本日2日、日本政府が国家安全保障会議の閣僚会合で、朝鮮民主主義人民共和国に対する「独自の制裁措置」の強化を決定したことと関連し、朝鮮総聯中央常任委員会の南昇祐副議長が記者会見を行い、談話を発表した。
(以下、全文)
日本政府は本日、国家安全保障会議閣僚会合(NSC)で、国連安全保障理事会の新たな対朝鮮「制裁」決議を踏まえ、朝鮮民主主義人民共和国に対する日本独自の「制裁」を強化するとして、従来の再入国禁止措置と資産凍結の対象範囲を拡大することを決定した。

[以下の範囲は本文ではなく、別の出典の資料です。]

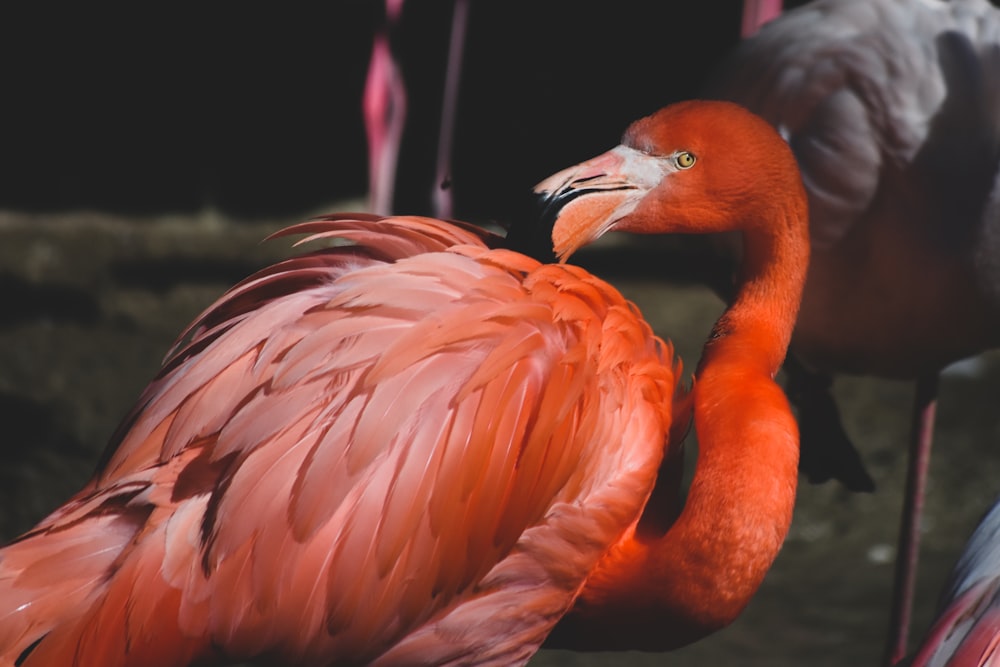 a pink flamingo standing next to a white flamingo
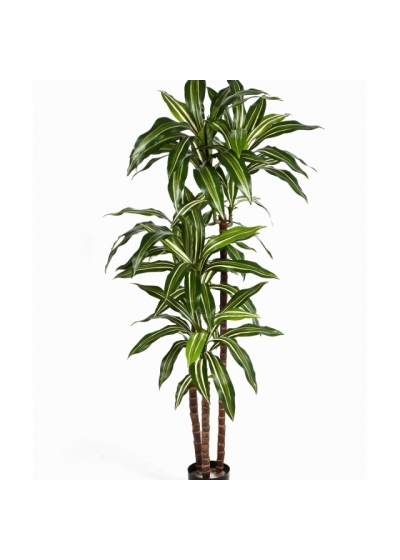 4' VARIEGATED DRACAENA FRAGANS STEUD 120 cm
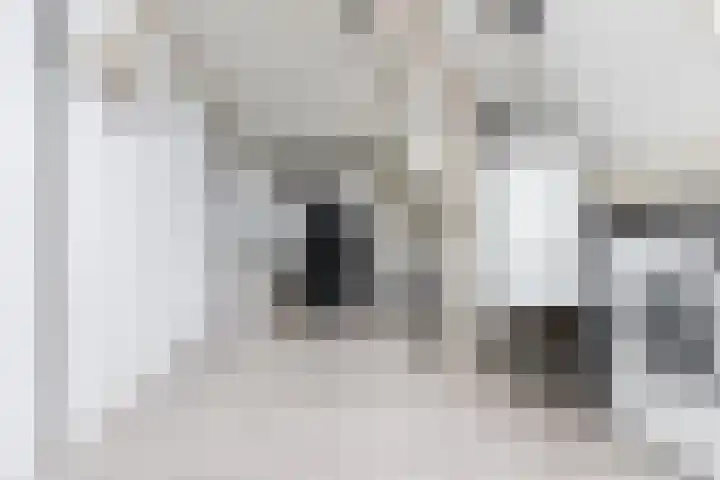 Aart van Osstraat 2 Zuilichem thumbnail 35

われわれは、今回の決定を、米国主導の不当な安保理決議に積極的に追随しながら、米・日・「韓」三角軍事同盟を強化し、朝鮮に対する経済的封じ込めを強めようとする悪辣な政治的意図のもと、対朝鮮敵視政策と朝鮮総聯に対する政治的抑圧を強め、在日朝鮮人の人権を著しく踏みにじる許しがたい行為として強い憤りをもって断固糾弾し強く抗議する。
今回の国連安保理の新たな「制裁」決議が、わが国の自主権と生存権、発展権を全面否定した不当極まりない行為であるにもかかわらず、日本政府が米国や朴槿恵政権と結託し、わが国に対する独自の「制裁」措置をさらに強めることは、朝鮮半島の緊張激化だけをもたらす危険な行為である。

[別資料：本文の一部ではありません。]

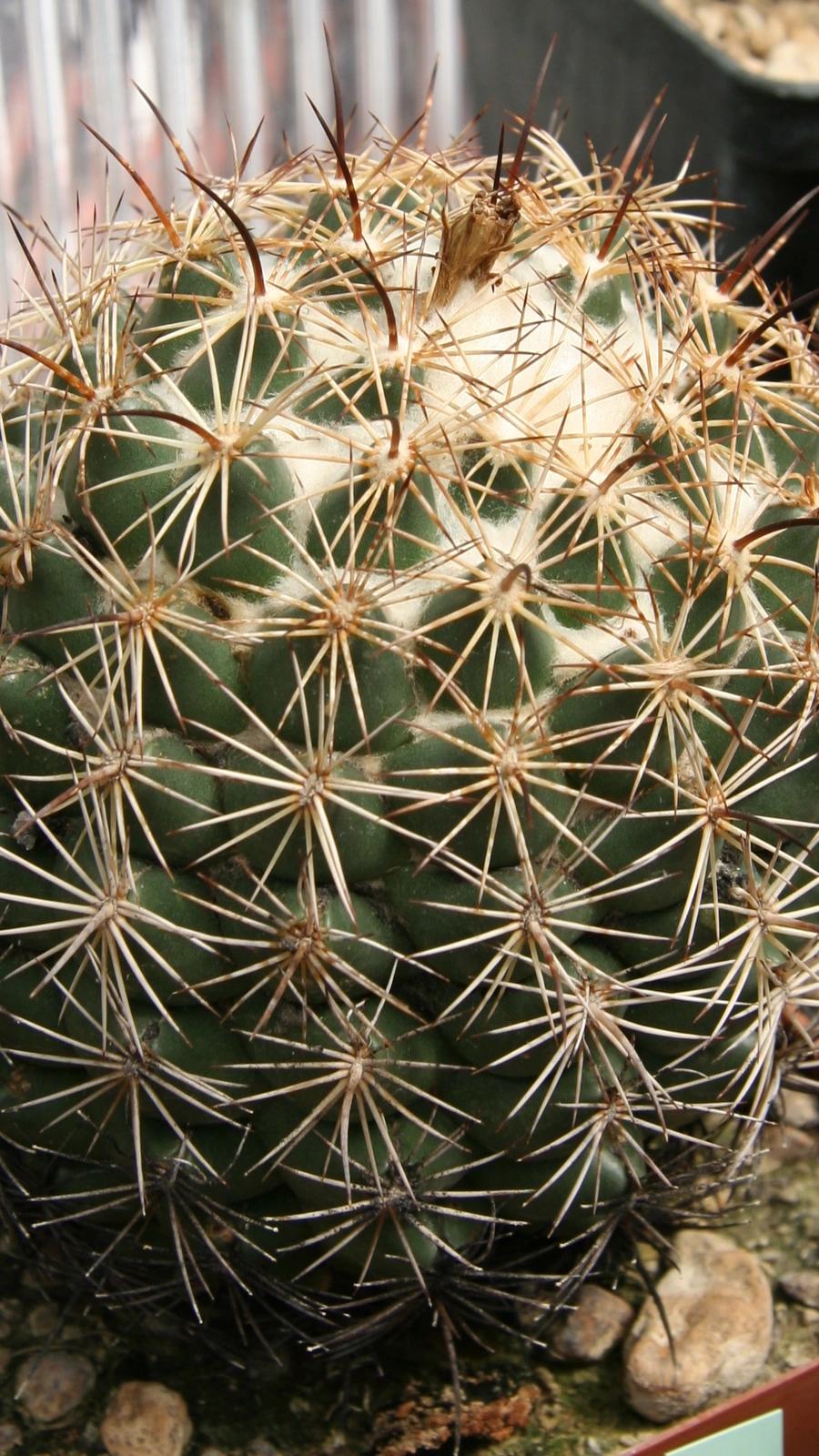 Coryphantha compacta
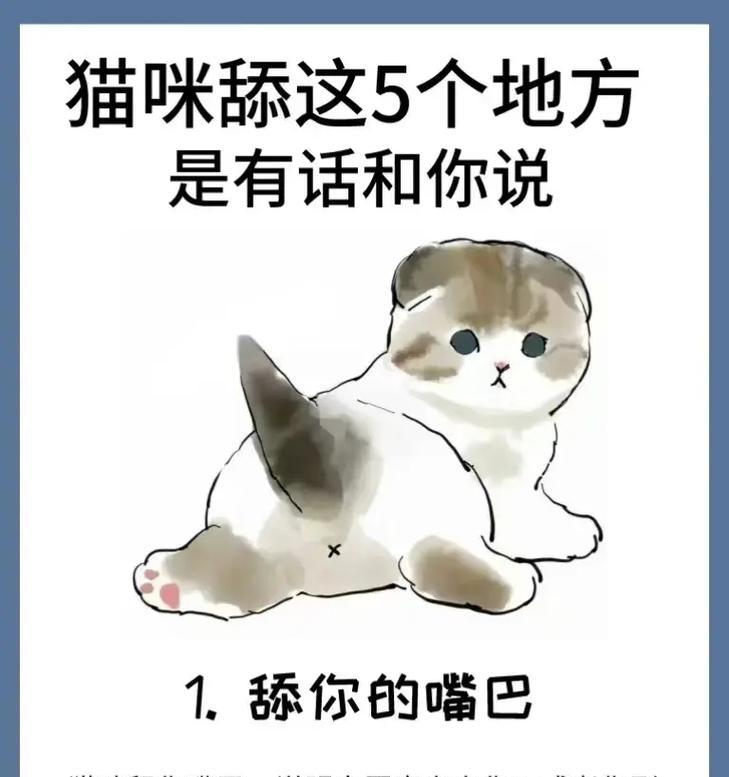 猫咪为何会舔食猫粮碗？这是什么行为习惯？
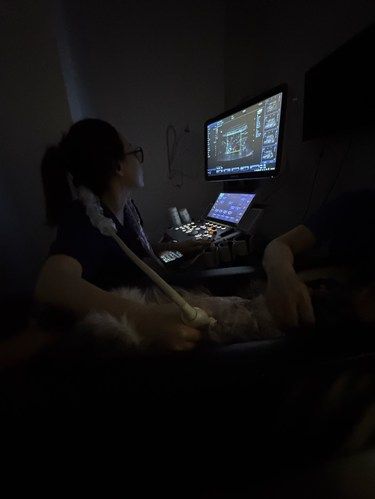 温馨干净舒适的宠物医院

今回の決定は、再入国禁止対象者の大幅な拡大、共和国への送金禁止、「万景峰-92」号をはじめとするすべての朝鮮籍船舶の入港禁止などを定めた前回の不当な措置をさらに拡大強化することによって、朝鮮総聯の公正な活動をより厳しく規制し、在日同胞の祖国往来の自由と初歩的権利をより深刻に侵害するものである。
在日同胞の再入国規制の範囲を拡大することによって、帰国した祖国に住む高齢化した親や兄弟に会う機会をさらに奪うことは、きわめて非人間的かつ非人道的行為である。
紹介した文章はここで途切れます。